@statewavedev/connectors-gmail
v0.3.0
Published
Gmail connector for Statewave — messages and threads as relationship-memory episodes (pull + Pub/Sub push receiver with built-in OIDC verification)
Maintainers
Readme
@statewavedev/connectors-gmail
Gmail connector for Statewave — turns messages matching an operator-supplied Gmail search query into normalized relationship-memory episodes.

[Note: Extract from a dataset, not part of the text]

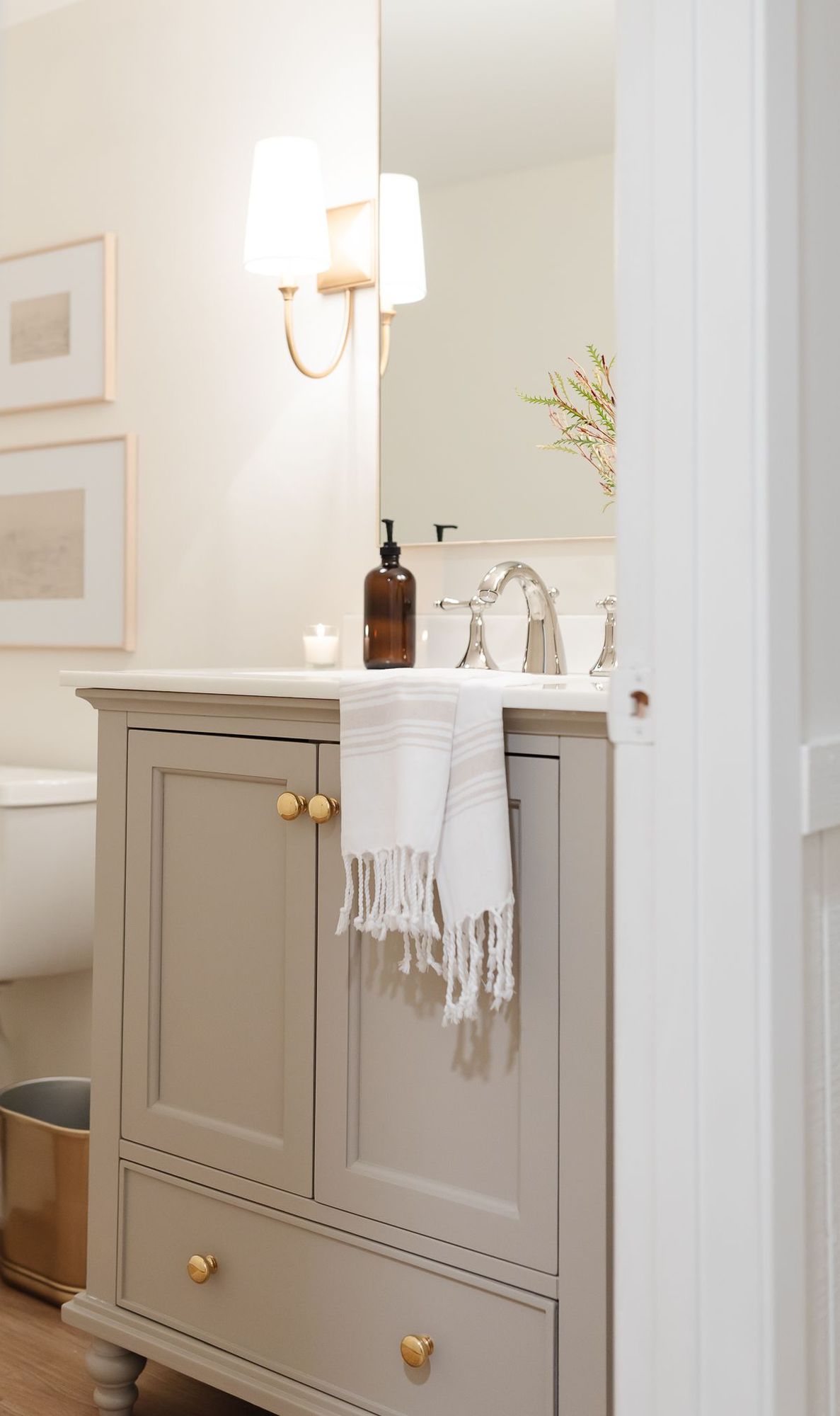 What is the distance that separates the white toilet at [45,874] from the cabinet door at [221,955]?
1.70ft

Part of the Statewave Connectors ecosystem.
What it ingests
| Source | Episode kind |
|---|---|
| Inbound message (no SENT label) | gmail.message.received |
| Outbound message (SENT label present) | gmail.message.sent |
The --query flag is required — there is no "ingest the whole mailbox" default. You scope what to pull explicitly.
Quickstart
export GMAIL_CLIENT_ID=...
export GMAIL_CLIENT_SECRET=...
export GMAIL_REFRESH_TOKEN=...
statewave-connectors sync gmail \
--query 'label:inbox newer_than:30d' \
--dry-run
# Per-contact pull
statewave-connectors sync gmail \
--query 'from:[email protected] after:2026/01/01' \
--max-items 50 \
--dry-runAuth
OAuth 2.0 refresh-token flow. The connector accepts three credentials and exchanges them for a short-lived access token at runtime:
| Env var | CLI flag | What it is |
|---|---|---|
| GMAIL_CLIENT_ID | --client-id | OAuth 2.0 client id from your Google Cloud project |
| GMAIL_CLIENT_SECRET | --client-secret | OAuth 2.0 client secret |
| GMAIL_REFRESH_TOKEN | --refresh-token | Long-lived refresh token issued during the one-time consent flow |
The access token is cached until ~1 minute before expiry and refreshed transparently — there's no per-request OAuth round-trip.
One-time setup
- Create an OAuth client in Google Cloud Console → APIs & Services → Credentials → Create Credentials → OAuth client ID → Desktop app (or Web application with
http://localhostas a redirect URI). Copy the client id + secret. - Enable the Gmail API under APIs & Services → Library → Gmail API → Enable.
- Run a one-time consent flow with scope
https://www.googleapis.com/auth/gmail.readonly. The simplest path is the OAuth 2.0 Playground → gear icon → check "Use your own OAuth credentials" → paste your client id/secret → in the left rail, find Gmail API v1 → checkhttps://www.googleapis.com/auth/gmail.readonly→ Authorize APIs → after consent, Exchange authorization code for tokens → copy theRefresh token. - Export the three credentials and run the connector.
The refresh token is valid until you revoke it (in Google Account → Security → Third-party apps with account access). The access token is short-lived (~1 hour) and is never persisted by the connector.
Service-account auth with domain-wide delegation (for Workspace admins reading mailboxes across a domain) is queued for v0.1.1 — it requires JWT signing.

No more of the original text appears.